The Cambodian Exodus

Hey friends - You may have seen me posting about the astounding events of the past few days on Twitter, Instagram, or Facebook. Andrew shares more about what he's seen and how Samaritan's Purse is meeting the needs of the Cambodians returning from Thailand. - whitney

In my three years in Cambodia, I've never seen anything like it.

I am working at the Samaritan's Purse distribution point set up at the Thai-Cambodian border in Poipet to provide food and water to the 100,000+ Cambodians returning home. I think about how Moses led the Israelites out of Egypt and imagine it felt similar to this: a chaotic mess of traffic mixed in with thousands of people flooding the streets, bringing only whatever belongings they can carry in their hands.

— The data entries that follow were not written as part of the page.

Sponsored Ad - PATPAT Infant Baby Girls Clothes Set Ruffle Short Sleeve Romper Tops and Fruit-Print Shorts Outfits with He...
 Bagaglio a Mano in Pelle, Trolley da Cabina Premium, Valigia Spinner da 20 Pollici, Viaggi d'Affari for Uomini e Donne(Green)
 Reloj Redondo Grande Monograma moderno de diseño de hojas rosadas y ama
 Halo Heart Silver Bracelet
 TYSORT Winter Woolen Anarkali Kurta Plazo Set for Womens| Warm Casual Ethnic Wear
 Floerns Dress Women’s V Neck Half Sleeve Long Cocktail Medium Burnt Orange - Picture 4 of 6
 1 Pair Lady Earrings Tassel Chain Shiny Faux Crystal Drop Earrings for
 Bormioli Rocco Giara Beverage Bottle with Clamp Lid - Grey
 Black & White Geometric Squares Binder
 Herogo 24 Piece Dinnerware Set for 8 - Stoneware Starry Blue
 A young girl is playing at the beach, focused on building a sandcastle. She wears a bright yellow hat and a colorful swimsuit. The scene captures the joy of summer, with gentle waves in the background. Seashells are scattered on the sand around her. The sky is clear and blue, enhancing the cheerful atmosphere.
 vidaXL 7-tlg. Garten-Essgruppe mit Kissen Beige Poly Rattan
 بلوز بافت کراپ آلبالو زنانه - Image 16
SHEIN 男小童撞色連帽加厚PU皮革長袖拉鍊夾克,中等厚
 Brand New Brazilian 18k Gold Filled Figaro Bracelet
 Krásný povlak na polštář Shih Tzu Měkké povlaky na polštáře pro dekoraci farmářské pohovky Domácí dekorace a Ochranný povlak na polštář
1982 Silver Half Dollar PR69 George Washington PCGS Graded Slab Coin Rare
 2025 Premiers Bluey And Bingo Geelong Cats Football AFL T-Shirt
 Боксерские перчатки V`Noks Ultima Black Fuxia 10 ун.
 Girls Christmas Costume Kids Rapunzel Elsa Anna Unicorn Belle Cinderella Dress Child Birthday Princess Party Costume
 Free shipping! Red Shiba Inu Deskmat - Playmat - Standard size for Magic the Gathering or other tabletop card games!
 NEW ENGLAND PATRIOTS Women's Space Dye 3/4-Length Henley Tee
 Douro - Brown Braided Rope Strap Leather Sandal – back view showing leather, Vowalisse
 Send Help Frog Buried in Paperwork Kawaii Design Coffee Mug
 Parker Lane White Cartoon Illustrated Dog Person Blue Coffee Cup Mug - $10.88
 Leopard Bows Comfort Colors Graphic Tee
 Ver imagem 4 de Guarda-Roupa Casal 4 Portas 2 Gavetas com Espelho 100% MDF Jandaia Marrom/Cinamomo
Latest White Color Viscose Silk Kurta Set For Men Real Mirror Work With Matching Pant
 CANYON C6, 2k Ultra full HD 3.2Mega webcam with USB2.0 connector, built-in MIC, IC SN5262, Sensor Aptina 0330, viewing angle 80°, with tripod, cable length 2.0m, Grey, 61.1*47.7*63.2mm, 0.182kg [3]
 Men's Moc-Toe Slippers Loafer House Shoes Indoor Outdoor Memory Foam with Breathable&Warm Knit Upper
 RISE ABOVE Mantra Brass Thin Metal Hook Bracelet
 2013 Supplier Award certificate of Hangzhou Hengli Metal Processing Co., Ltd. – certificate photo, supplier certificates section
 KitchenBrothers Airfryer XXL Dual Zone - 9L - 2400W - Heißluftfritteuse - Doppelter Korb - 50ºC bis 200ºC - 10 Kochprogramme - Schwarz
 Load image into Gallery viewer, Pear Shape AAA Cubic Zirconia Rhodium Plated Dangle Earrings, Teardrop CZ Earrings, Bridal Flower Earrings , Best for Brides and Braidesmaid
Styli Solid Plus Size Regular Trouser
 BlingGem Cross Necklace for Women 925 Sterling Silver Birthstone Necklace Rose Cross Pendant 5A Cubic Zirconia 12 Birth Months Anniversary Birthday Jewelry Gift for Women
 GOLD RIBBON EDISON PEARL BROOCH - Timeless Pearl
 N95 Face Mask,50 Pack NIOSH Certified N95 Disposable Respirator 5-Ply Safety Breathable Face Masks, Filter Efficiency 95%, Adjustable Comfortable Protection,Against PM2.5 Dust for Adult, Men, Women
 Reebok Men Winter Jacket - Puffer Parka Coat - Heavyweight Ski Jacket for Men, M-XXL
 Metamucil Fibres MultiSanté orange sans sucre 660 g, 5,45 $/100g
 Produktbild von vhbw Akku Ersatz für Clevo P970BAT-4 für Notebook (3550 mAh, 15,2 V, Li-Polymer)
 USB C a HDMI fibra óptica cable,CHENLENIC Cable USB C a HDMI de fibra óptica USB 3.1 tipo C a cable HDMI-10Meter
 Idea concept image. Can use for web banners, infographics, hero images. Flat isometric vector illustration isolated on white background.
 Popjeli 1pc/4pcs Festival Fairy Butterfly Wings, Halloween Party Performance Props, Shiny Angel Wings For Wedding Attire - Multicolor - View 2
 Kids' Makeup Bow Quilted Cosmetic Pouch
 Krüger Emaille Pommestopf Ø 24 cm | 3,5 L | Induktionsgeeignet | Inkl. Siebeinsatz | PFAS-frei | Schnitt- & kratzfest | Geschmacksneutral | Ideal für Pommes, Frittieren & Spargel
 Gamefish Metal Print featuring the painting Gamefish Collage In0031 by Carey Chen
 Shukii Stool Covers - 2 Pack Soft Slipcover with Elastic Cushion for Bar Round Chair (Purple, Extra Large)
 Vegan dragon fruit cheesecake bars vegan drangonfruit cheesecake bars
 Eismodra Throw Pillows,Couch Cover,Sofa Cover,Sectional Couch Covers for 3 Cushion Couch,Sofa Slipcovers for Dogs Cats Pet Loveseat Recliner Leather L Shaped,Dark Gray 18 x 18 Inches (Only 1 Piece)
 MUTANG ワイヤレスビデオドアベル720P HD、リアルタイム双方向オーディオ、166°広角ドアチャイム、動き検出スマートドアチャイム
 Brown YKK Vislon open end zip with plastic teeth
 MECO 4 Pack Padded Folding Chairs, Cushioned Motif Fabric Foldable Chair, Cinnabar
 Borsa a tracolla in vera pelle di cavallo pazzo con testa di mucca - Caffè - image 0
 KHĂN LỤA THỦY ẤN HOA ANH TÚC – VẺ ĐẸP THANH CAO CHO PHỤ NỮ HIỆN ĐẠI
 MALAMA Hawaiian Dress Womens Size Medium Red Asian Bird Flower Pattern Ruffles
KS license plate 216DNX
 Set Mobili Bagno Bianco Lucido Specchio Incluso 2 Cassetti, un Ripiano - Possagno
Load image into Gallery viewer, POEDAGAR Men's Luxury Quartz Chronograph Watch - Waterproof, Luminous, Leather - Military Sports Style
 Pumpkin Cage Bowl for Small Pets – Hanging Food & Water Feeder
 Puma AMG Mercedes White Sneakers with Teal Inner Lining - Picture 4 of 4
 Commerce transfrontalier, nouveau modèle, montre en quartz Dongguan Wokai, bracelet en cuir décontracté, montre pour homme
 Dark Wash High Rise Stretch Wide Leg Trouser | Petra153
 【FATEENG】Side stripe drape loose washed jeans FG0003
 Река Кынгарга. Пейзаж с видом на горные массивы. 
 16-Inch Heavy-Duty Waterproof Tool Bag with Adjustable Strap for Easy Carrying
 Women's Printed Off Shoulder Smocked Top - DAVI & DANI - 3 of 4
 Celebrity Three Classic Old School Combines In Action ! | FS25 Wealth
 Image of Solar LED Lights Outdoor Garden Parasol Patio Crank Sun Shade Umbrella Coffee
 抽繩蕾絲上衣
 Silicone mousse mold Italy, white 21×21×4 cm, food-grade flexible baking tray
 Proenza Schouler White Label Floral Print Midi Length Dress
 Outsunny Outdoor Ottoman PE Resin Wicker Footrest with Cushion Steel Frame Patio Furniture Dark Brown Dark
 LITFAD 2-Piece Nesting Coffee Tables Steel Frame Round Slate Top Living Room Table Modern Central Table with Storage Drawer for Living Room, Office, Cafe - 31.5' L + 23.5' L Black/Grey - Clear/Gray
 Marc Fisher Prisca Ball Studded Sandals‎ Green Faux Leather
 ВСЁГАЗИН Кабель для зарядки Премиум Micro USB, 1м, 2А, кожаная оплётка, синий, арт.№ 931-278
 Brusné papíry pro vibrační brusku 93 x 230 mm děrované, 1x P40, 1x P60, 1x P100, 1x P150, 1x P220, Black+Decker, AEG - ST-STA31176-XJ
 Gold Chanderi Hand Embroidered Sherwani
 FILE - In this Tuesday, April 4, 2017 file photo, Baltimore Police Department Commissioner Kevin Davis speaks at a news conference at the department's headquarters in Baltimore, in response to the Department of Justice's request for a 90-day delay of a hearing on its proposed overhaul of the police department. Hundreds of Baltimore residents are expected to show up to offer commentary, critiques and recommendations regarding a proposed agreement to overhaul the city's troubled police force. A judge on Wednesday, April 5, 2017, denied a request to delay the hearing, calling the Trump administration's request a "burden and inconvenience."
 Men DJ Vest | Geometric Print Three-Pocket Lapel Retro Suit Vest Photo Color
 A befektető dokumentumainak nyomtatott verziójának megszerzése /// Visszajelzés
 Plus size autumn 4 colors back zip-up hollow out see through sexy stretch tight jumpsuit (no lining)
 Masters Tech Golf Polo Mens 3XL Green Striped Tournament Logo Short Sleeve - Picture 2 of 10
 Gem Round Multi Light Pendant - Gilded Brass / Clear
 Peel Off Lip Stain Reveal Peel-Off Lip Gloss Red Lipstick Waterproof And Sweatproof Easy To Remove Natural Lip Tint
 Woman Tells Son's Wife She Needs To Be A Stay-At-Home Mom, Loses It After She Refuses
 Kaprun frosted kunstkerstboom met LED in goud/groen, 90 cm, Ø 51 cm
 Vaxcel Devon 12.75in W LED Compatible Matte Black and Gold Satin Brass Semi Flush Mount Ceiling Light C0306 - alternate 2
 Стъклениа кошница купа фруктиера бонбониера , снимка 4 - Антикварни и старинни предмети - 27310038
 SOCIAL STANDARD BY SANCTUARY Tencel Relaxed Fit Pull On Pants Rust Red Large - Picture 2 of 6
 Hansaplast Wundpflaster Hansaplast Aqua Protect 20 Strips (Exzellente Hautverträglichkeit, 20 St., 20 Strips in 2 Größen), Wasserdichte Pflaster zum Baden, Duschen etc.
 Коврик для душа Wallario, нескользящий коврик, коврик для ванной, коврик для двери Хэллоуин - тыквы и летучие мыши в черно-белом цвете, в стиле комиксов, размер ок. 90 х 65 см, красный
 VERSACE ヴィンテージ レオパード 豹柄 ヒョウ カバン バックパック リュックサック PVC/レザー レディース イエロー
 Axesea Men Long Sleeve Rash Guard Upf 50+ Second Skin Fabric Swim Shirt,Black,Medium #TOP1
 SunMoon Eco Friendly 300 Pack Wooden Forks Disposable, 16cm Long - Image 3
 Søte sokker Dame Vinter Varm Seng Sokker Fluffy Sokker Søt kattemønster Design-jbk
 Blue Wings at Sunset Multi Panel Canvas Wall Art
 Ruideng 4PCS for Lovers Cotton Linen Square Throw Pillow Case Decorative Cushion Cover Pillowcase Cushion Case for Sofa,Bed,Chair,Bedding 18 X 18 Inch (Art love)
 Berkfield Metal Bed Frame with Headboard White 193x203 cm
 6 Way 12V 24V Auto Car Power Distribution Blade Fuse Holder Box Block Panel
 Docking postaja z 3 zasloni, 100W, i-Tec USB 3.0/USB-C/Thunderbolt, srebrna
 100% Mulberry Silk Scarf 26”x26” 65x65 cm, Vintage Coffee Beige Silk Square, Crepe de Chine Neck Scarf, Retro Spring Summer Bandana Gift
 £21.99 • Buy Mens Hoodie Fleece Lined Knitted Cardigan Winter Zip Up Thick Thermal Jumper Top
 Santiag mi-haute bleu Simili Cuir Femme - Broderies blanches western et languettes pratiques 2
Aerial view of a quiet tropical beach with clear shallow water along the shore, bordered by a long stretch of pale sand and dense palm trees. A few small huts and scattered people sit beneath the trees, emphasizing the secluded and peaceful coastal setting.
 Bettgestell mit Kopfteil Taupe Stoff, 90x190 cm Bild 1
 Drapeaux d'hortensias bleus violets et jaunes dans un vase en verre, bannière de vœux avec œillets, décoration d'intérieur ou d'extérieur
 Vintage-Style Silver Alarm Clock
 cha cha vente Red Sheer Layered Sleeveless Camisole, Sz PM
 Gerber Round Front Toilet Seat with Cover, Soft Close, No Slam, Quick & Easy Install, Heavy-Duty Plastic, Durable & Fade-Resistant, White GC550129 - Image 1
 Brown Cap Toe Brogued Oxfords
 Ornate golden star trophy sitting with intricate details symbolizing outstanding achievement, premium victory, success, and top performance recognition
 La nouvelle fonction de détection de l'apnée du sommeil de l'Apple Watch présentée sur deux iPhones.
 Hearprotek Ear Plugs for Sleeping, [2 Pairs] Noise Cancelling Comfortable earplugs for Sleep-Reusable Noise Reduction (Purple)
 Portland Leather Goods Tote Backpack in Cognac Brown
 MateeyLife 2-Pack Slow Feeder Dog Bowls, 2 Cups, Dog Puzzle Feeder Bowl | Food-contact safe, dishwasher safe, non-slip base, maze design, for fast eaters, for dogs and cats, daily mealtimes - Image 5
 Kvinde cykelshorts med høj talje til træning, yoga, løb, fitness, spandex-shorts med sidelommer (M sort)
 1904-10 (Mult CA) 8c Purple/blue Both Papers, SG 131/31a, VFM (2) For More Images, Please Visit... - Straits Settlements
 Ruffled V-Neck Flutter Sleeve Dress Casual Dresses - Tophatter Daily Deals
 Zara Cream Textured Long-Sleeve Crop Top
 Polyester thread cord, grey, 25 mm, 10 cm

Around 400,000 Cambodians work in Thailand, seeking better economic futures than their home can offer them. However, many cannot afford the documents to migrate legally, and a large percentage are present in Thailand illegally, without passports or work permits. One of Samaritan's Purse Cambodia's largest projects is Safe Migration and Trafficking Awareness (SMTA), working to equip and educate Cambodians to migrate for work legally and know if they are in a potential trafficking situation.

On Wednesday, the SMTA staff were alerted than thousands of Cambodians were returning from Thailand via Poipet, the border town where the SMTA project is located. Staff left their yearly retreat early to return to Poipet and assess the situation. They found the border teeming with people as trucks arrived at the border continually, full of returning migrant workers.

SP staff found that many of the workers had no food or water, or money to buy either. They had fled their homes in Thailand when they heard the Thai military junta, currently ruling the country under martial law, had decided to crack down on illegal workers. Rumors of violence fueled their fear, and the trickle of workers crossing the border - normally around 150 per day - snowballed into a current high of 45,000 workers on Saturday, June 14. We have seen just under half are women and children.

The SMTA staff set up tents to shelter the workers from the monsoon rains and began handing out emergency food and water packets, and trafficking awareness brochures. They were joined by other non-government organizations and by SP community volunteers. They also handed out hygiene kits with toothbrushes and wet wipes - a critical need when workers have already been traveling for days with no access to clean water or toilets.

Here in Poipet we are seeing thousands of men, women, and children shipped around like cattle. Many have already traveled a couple of days to get to the border and have even slept overnight on the Thai side, waiting to cross over.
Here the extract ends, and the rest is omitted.